# Fly fishing leaders



## Trapp (Apr 6, 2011)

Did a little bass fishing today and found I needed to retie my fly after every second strike. Is the fluro leader retie the same or will it with stand the hard strikes better


Sent from my iPhone using Tapatalk Terry


----------



## BrandonFox (Jan 8, 2013)

What pound leader were you using?


----------



## Trapp (Apr 6, 2011)

I am guessing that it is a 12# leader. It came prerigged on the reel. Bought the Cahill 8wt from Cabelas when they where on sale.


----------



## Trapp (Apr 6, 2011)

Another thought was to remove the current leader and go with a straight 16 pound fluoro tippet material. Kinda new at the fly fishing thing so any advice is greatly appreciated. I had lots of fun with it and don't want to get discouraged with it due to break offs. I know what to do with traditional gear but I am leading to believe that in fly fishing it is not the same.

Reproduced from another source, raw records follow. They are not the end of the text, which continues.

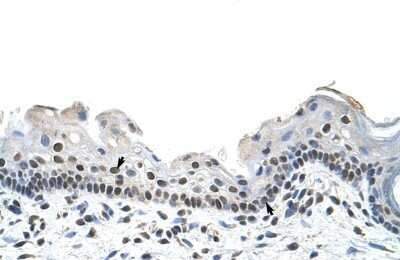Immunohistochemistry-Paraffin: RBM28 Antibody [NBP1-57228]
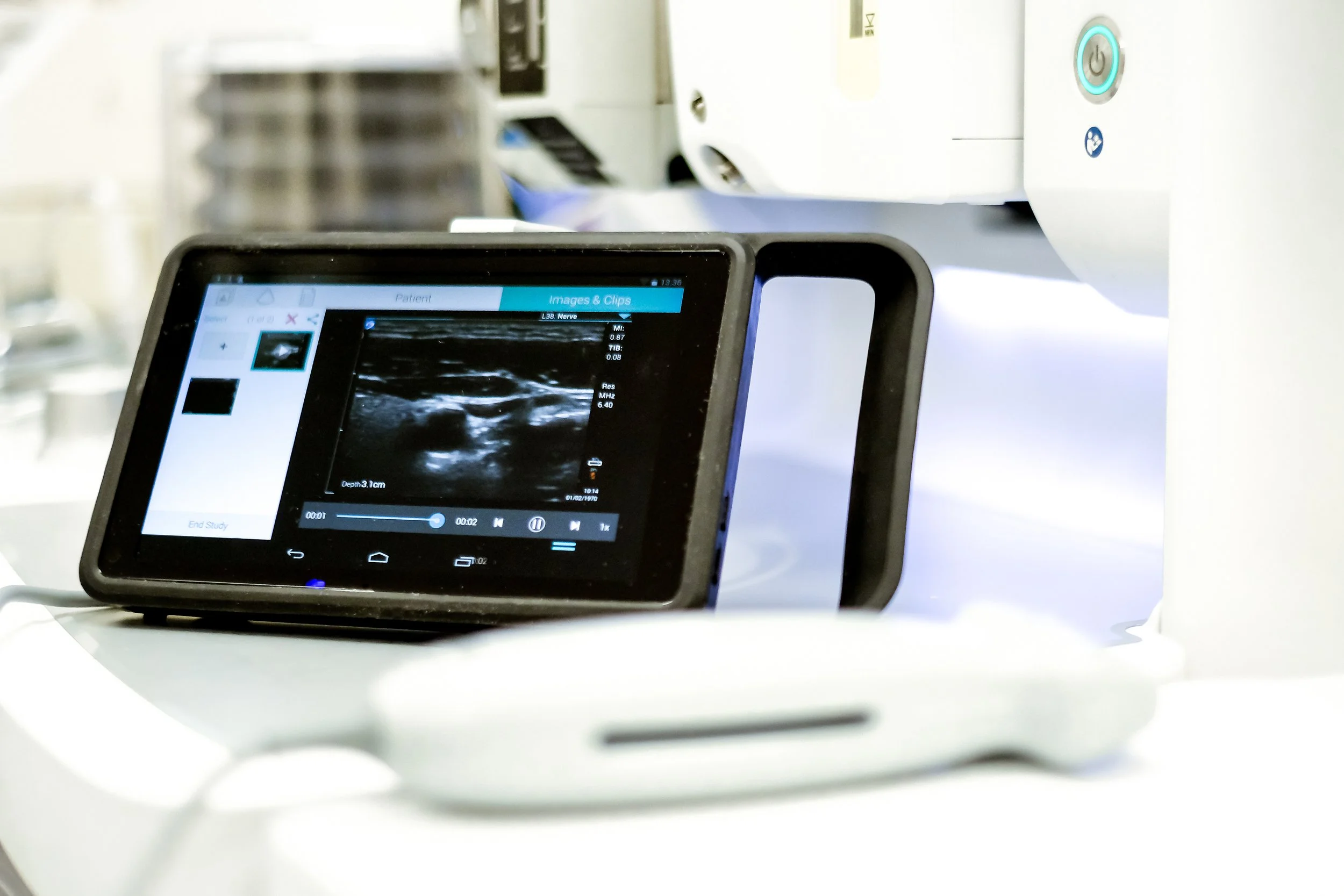 ultrasound.jpg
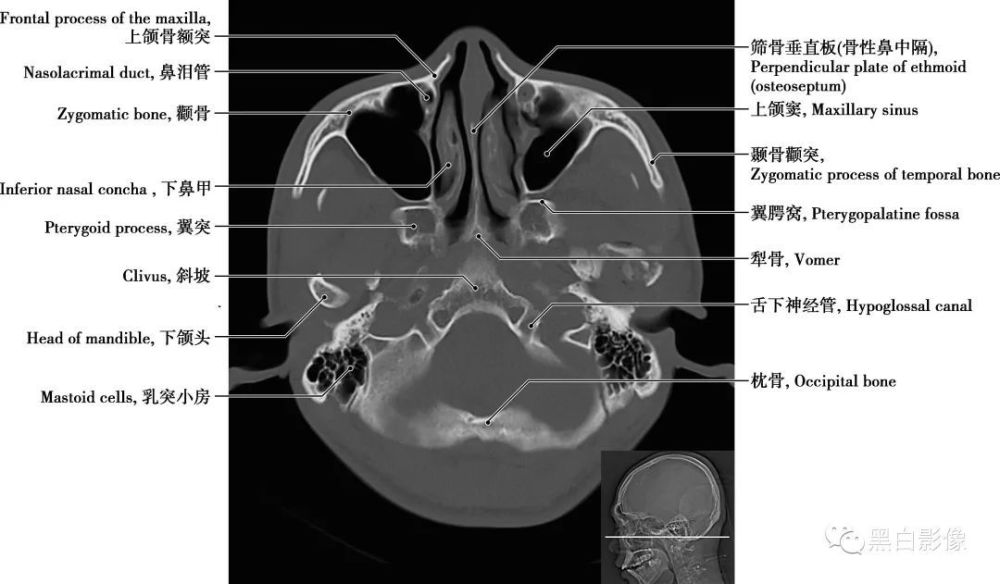 上颌骨体内的锥形空腔,位于上颌骨体内,窦壁为骨质,窦壁覆黏膜,向内侧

Sent from my iPhone using Tapatalk Terry


----------



## BrandonFox (Jan 8, 2013)

Trapp said:


> I am guessing that it is a 12# leader. It came prerigged on the reel. Bought the Cahill 8wt from Cabelas when they where on sale.


I would ditch the pre made leader and just tie on your own. A good length section of 12# should be plenty for bass. Some fish will weaken it at times but not usually after every 2nd fish. Good luck.


----------



## Top Drive (Feb 4, 2013)

I use clear 20 lb. mono- I fish mostly around shell reefs for redfish and trout. The leaders get shredded pretty quick. I keep a spool of mono and a straw for nail knots in my fly pack. It is heartbreaking to hook a good fish and lose it, but that's part of the game.


----------



## Xplorin08 (Jan 18, 2011)

Top Drive - Are you just using the 20# leader with a tippet? I started making my own leaders with 60% of it using a 40# mono section, followed by 20% of 25# mono and 20% of the remaining leader being tippet in the 10-12# range.


----------



## I.Fish.Hard (Mar 20, 2013)

Xplorin08 said:


> Top Drive - Are you just using the 20# leader with a tippet? I started making my own leaders with 60% of it using a 40# mono section, followed by 20% of 25# mono and 20% of the remaining leader being tippet in the 10-12# range.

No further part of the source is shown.